Proof of 2 (optional): \(\mathcal{C}(\mathbf{A}) \subseteq \mathcal{C}(\mathbf{C})\) is trivial. Suppose \(\mathcal{C}(\mathbf{C})\) is strictly larger than \(\mathcal{C}(\mathbf{A})\). Then there exists vector \(\mathbf{v} \in \mathcal{C}(\mathbf{C})\) that is not a linear combination of columns of \(\mathbf{A}\). Let \(\mathbf{u}_1, \ldots, \mathbf{u}_r\) be a basis of \(\mathcal{C}(\mathbf{A})\). Then the \(r+1\) vectors \(\mathbf{u}_1, \ldots, \mathbf{u}_r, \mathbf{v}\) is an independent set in \(\mathcal{C}(\mathbf{C})\), contadicting the fact \(\text{rank}(\mathbf{C}) = r\). Therefore we must have \(\mathcal{C}(\mathbf{A}) = \mathcal{C}(\mathbf{C})\). Similar argument shows \(\mathcal{C}(\mathbf{A}') = \mathcal{C}(\mathbf{R}')\).

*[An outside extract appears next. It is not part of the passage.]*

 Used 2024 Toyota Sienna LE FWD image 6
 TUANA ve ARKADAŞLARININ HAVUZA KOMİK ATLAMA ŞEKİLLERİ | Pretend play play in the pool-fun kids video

To show \(\mathcal{N}(\mathbf{A}) = \mathcal{N}(\mathbf{R})\), one direction \(\mathcal{N}(\mathbf{A}) \supseteq \mathcal{N}(\mathbf{R})\) is trivial (why?). To show the other direction, \[\begin{eqnarray*}
& & \mathbf{x} \in \mathcal{N}(\mathbf{A}) \\
&\Rightarrow& \mathbf{A} \mathbf{x} = \mathbf{0} \\
&\Rightarrow& \mathbf{C} \mathbf{R} \mathbf{x} = \mathbf{0} \\
&\Rightarrow& \mathbf{R} \mathbf{x} \in \mathcal{N}(\mathbf{C}).
\end{eqnarray*}\] But by the rank-nullity theorem, \(\text{nullity}(\mathbf{C}) = r - \text{rank}(\mathbf{C}) = 0\). Thus \(\mathbf{R} \mathbf{x} = \mathbf{0}\), that is \(\mathbf{x} \in \mathcal{N}(\mathbf{R})\). We have shown \(\mathcal{N}(\mathbf{A}) \subseteq \mathcal{N}(\mathbf{R})\).